Being a claims adjuster in today’s world is much different than it was 20 to 30 years ago, and it’s all because of one thing: technology.

It’s been a while since I first sat behind a claims desk.  So long ago that people smoked in the closed air office of our large P&C carrier.  You could even smoke on commercial flights back then!  So, yes, it’s hard to believe how many years have passed since then, but in “adjuster years,” it feels like centuries.  So much has changed.  Technology plays a role in almost every aspect of the claims handling process, and that simply wasn’t the case 30 years ago.  Call it progress.

Adjusting 30 years ago was essentially a manual process, and you were expected to handle every aspect of it: collision total losses, third party property damage, PIP and bodily injury.  There were no software programs to settle total losses or evaluate bodily injury claims.  You were given a certain amount of settlement authority based on your experience, and provided the dollar amount didn’t exceed your authority, you were trusted to settle the claim.

Claims handling was more basic, but it was also efficient.  We were adjusters in the truest sense of the word- trained and trusted to handle a claim from beginning to end.  Yes, the pace was markedly different.  When I began as a claims trainee, I worked in an office that took recorded statements using cassette tapes.  I worked on dumb terminals connected to a mainframe computer the size of a small car.  If you needed a police report, you had to write a check and mail it with a form to a police station, then wait for the response.  And if someone needed to get in contact with you, they had to pick up the phone.  (Or sometimes just show up at the office unannounced.)  The handling of a claim, though, was always the same: evaluate, negotiate, settle.  Wash, rinse, repeat!

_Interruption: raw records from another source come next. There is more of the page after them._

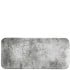 Dudson Urban Steel Grey Organic Rectangular Plate 34.6 x 15.6cm/13.75 x 6.25" (Pack of 6)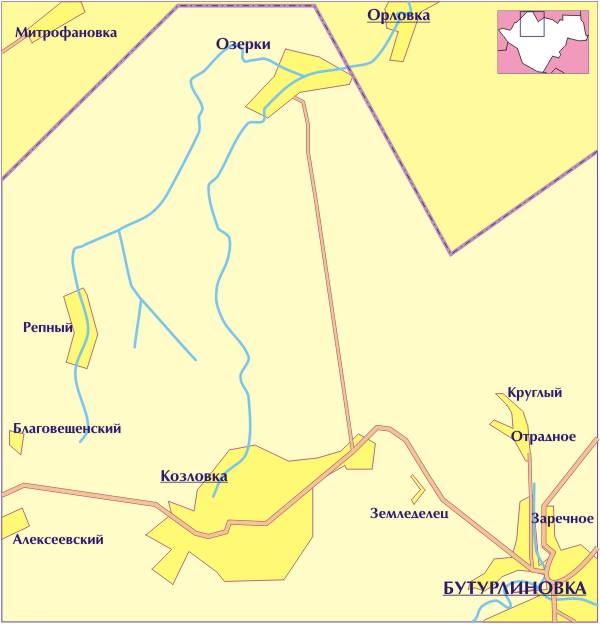 Митрофановка карта кантемировский район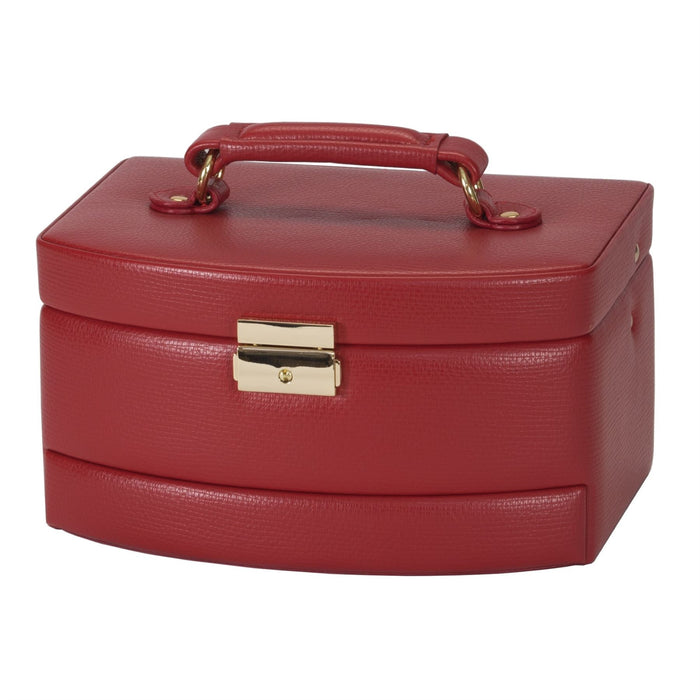 Mele & Co Carmine Jewellery Case With Auto-Tray & Carry Handle Jewellery Case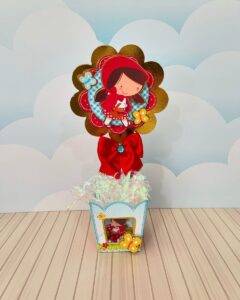 Centro de Mesa Chapeuzinho Vermelho -studio e pdf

We’ve come a long way from the cassette tape days!

Do I wish I had the resources available to me that adjusters have today?  Absolutely.  The internet opens up so many possibilities for claims handling.  Applications like Google Earth allow an adjuster to view an accident’s location within seconds.  There are a myriad of tools and data that inform settling total losses.  There are so many processes, simple tasks like filing, storage, and data entry that are trivial, single-click efforts today.  So much of what we once did by hand is now automated by specialized websites.

But if I were still at the desk now, would I truly feel like an adjuster?

Modern adjusters have had their skills compartmentalized, their judgment stashed behind walls of processes and their creativity stifled under a deluge of responsibilities.  Adjusters have become part of the assembly line.  Automated bots on smartphone apps take the first notice of loss; exposure is managed by semi-automated data processes and the adjuster is supposed to find the places to fill in the gaps.  Adjusters function more like “curators” of the claim file: trusted enough to manage their vendors, but not enough to create.

I’ve been on the other side of the fence, the vendor side, for over 20 years now.  My, how time has flown!  If I were to return to the industry as a claims executive, or consultant, I’d be particularly interested In finding ways to free up time for the adjuster.  I want to maximize the time they can spend in the claim, not wrapped up in tasks.  For instance, email is supposed to make us more “accessible,” but I’ve heard stories of adjusters receiving dozens of new emails while they were out at lunch, or hundreds for taking a single sick day.  Is that much communication really the most efficient way to operate?  Is it even necessary?

Today’s adjusting is analogous to being an airplane pilot.  Planes these days possess the capability to fly themselves, but it still takes the experience of the pilot watching over it to make sure things don’t go awry, or to handle unique situations.  Now imagine that pilot is inundated with minutiae, to the point that they don’t have time to use their judgment.  Imagine they didn’t have access to rigorous training.  They would miss things, make mistakes.  The same is true of adjusters- their experience and input is still needed for settlement software or vendors to provide an optimal outcome, but they often don’t have the time to familiarize themselves with every facet of the claim.  And there’s no substitute for the experienced adjuster when it comes to recognizing fraud or recovery potential.  Even AI fraud prediction programs still require adjuster input.

Like pilots in an airplane, it helps to have an expert to oversee automated claims processes.

Technology is great.  It helps adjusters in so many ways- I’m certainly not advocating for less tech integration.  Also, having to juggle dozens of balls each and every day isn’t something new.  Adjusting has always been a tough job.  It takes a varied skill set, but I don’t think it’s the same skill set, between now and when I first started.  Today’s adjuster must become an expert at managing their time, or their vendors.  But are they getting enough time with their claimants to learn how to develop a rapport?  Are they spending enough time in the claim to intuit whether a claim might be fraudulent?

I don’t doubt that today’s adjusters are just as skilled as the adjusters I worked with, and they have a fistful of additional tools at their disposal.  But if integrating more technology also means constraining the adjuster, are we mitigating the very individuals who could provide the most value to a claim?